自十九世紀工業革命以來，金屬鉛已廣泛地使用於工業產品中，為不可或缺的原料之一。然而，由於含鉛廢棄物及工業廢水的不當處置，含高濃度鉛之廢液因而排放到自然界眾多水域之中。鉛為具毒性的無機污染物之一，即使在地表水中的濃度低(即26–100 μg L-1)，仍對於生物體有非常大之危害。兒童體內中血液鉛的濃度一旦高於100 μg L-1，鉛之毒性即開始攻擊中樞神經系統，嚴重者則會影響心智功能的發展。因此，發展有效移除水體中鉛的技術為現今科學界關注之重要議題。本研究欲使用工業污泥所製成之銅鐵氧化物奈米顆粒，探討在不同酸鹼值、吸附時間、鉛之初使濃度及不同溶液基質下，水溶液鉛之移除效能；此外，本研究亦評估此合成材料是否可經由吸附–脫附的過程，將鉛自水體中富集、濃縮，並發展一全新鉛之純化技術。研究結果顯示，利用銅鐵氧磁體奈米顆粒進行鉛之吸附，在pH 4.5、溫度298 K下，其移除效率高達90%；其吸附過程皆符合擬二階動力吸附式及Langmuir等溫吸附模型，並由Langmuir吸附式可得在pH 4.5、溫度298 K下，鉛於銅鐵氧化物奈米顆粒之飽和吸附量為17.83 mg g-1。

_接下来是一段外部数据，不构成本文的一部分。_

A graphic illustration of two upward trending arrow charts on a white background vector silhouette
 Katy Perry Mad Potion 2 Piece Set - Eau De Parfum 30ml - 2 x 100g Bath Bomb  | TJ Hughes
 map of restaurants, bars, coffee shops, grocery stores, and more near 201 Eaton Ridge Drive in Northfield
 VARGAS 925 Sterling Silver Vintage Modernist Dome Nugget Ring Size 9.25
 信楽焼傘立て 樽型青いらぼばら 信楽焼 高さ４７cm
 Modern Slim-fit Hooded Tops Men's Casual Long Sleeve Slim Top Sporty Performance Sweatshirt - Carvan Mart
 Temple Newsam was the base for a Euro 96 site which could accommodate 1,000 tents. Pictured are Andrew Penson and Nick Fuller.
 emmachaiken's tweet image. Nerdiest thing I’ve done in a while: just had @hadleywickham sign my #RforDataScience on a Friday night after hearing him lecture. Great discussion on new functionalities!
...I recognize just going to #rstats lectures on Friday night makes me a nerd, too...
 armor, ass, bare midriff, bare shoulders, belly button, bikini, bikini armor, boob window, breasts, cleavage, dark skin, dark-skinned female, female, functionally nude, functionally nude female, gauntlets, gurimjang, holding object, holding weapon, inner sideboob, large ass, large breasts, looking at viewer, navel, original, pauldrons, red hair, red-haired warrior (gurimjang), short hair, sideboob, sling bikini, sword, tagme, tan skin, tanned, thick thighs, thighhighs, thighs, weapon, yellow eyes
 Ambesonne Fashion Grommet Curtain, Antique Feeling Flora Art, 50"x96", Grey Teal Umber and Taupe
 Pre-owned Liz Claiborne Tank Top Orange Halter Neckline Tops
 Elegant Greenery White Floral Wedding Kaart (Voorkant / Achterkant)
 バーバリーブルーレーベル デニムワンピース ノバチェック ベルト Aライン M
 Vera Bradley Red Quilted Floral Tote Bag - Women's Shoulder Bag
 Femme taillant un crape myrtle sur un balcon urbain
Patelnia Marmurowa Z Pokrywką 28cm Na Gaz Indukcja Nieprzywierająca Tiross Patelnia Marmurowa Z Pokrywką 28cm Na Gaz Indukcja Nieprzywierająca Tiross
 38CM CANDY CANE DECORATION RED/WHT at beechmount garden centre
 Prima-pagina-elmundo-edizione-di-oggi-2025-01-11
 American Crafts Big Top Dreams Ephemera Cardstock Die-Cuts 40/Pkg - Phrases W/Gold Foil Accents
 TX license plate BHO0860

此外，由鉛之吸附量隨著溶液中離子強度增加而下降之情形推斷，鉛之吸附行為應屬外層錯合；並由模擬海水結果顯示，鉛之吸附量不隨溶液中陽離子競爭吸附效應而有顯著影響。在脫附實驗中，吾人使用濃度0.005 N硝酸為脫附試劑，得其平均脫附率約為75%；並由此材料之消化實驗，得鉛含量為0.314±0.003 mg g-1，因此推論在進行脫附實驗時，約有339.34±2.99 ng鉛由銅鐵氧化物奈米顆粒溶出。本研究使用工業汙泥製成之低成本材料，除了可同時處理、再生汙泥及廢水外，也可應用於鉛在自然界水體中之有效富集，為一具有前瞻性之技術。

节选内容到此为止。